Twenty-five years ago, I was in a Mobile courtroom as Morris Dees was exposing the banality of evil, the Alabama kind. Morris and his Southern Poverty Law Center were trying a civil case against a murderous enterprise.
The charismatic trial lawyer had sued the United Klans of America as the institution behind the lynching of 19-year-old Michael Donald, a random victim snatched off the street and hung from a tree by two local klansmen. The pair had been convicted of murder, but the Southern Poverty Law Center, representing the victim’s mother, was going after the enterprise that nurtured their violent racism.
Dees, with his disconcerting Southern charm, ripped the defense apart. By the time he finished trying his case, four other members of the Klan had managed, in the course of their testimony, to implicate one another in the killing. An all-white jury had decided that United Klans of America, Inc., owed Beulah Mae Donald $7 million. The Southern Poverty Law Center, fulfilling its mission, had sued on behalf of the oppressed and extracted righteous justice.
The civil rights outfit, still at it, just demolished another nefarious defendant on behalf of the oppressed. Except this time the defendant was me.
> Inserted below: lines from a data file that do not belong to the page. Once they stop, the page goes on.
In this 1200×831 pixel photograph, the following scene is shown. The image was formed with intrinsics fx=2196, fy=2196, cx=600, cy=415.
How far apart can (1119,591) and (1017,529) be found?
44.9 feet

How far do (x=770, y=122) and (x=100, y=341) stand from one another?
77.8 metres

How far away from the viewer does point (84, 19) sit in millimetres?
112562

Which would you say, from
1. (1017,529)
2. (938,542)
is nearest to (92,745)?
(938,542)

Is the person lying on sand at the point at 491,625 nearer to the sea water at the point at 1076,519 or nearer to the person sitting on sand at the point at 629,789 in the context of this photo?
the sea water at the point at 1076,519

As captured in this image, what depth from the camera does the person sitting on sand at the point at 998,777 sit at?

Or at least it was my taxes that underwrote the hapless legal defense offered up by the Florida Board of Education and the Board of Governors.
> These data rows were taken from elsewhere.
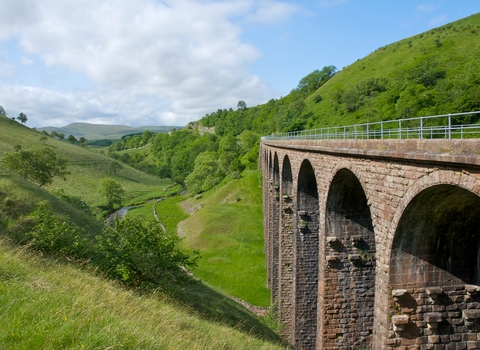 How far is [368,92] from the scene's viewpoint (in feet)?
218

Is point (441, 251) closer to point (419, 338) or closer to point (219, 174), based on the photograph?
point (419, 338)

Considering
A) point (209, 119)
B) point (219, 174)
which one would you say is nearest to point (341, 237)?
point (219, 174)

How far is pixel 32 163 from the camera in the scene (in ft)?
122

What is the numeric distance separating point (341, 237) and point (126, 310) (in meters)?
9.30

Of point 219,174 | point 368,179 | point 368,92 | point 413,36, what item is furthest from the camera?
point 413,36

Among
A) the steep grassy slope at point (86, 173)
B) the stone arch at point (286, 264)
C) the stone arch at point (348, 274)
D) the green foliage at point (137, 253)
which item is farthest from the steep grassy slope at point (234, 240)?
the steep grassy slope at point (86, 173)

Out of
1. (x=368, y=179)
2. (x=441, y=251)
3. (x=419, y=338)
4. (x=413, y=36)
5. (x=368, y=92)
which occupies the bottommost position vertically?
(x=419, y=338)

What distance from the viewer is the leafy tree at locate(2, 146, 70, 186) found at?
35.3 metres

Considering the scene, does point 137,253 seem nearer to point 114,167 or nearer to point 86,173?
point 86,173

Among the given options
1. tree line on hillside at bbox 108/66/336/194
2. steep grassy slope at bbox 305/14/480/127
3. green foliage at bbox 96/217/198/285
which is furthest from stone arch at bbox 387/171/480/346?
tree line on hillside at bbox 108/66/336/194

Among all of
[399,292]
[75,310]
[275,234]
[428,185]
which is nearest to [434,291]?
[399,292]

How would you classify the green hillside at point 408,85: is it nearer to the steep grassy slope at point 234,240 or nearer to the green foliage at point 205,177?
the green foliage at point 205,177

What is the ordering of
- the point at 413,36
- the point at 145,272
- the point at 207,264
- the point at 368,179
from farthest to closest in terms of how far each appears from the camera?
the point at 413,36 < the point at 207,264 < the point at 145,272 < the point at 368,179

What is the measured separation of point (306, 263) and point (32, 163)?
3131 cm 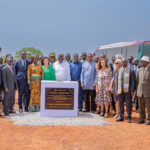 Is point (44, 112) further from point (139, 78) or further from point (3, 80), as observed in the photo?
point (139, 78)

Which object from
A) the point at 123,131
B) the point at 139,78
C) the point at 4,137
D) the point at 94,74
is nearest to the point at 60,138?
the point at 4,137

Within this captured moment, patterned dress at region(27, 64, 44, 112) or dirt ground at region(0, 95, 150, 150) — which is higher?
patterned dress at region(27, 64, 44, 112)

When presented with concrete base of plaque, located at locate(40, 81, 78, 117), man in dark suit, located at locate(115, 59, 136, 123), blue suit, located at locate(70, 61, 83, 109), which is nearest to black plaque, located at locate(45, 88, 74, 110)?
concrete base of plaque, located at locate(40, 81, 78, 117)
U.S. District Judge K. Michael Moore issued a summary judgment Tuesday — the legal equivalent of a slam-dunk — against the state and a blatantly unconstitutional policy adopted back in 2005 to deny young Florida citizens in-state tuition unless their parents can prove legal residency.
The plaintiffs included four high school grads born and raised in Miami, one born in Los Angeles but raised in Palm Beach County. All had been denied in-state tuition. The effect, as Judge Moore noted, was that these young Florida citizens who happened to be children of undocumented immigrants were charged a state college tuition rate triple that paid by fellow state citizens. Judge Moore tossed the policy, telling the state what their lawyers already knew. That the Supreme Court applies “a form of heightened scrutiny when evaluating alleged violations of the Equal Protection Clause that arise from a state’s denial of a benefit to a child or creation of an additional obstacle to a child solely by virtue of the parent’s unlawful or immoral behavior.”
Judge Moore cited evidence, just as obvious, that a policy stifling the education and earning potential of young citizens also runs counter to the state’s economic interest.
His ruling was no surprise. Florida, apparently, was the only state still up to this bit of xenophobic trickery. Colorado dropped a similar policy when the state attorney general warned that it was constitutionally indefensible.
What was surprising, however, was that Hispanic elected officials with clout in Tallahassee didn’t raise hell seven years ago when this ugly policy was adopted.
And why did it take a crusading civil rights outfit, known for taking on the likes of the Ku Klux Klan, to stop Florida from oppressing its own young citizens?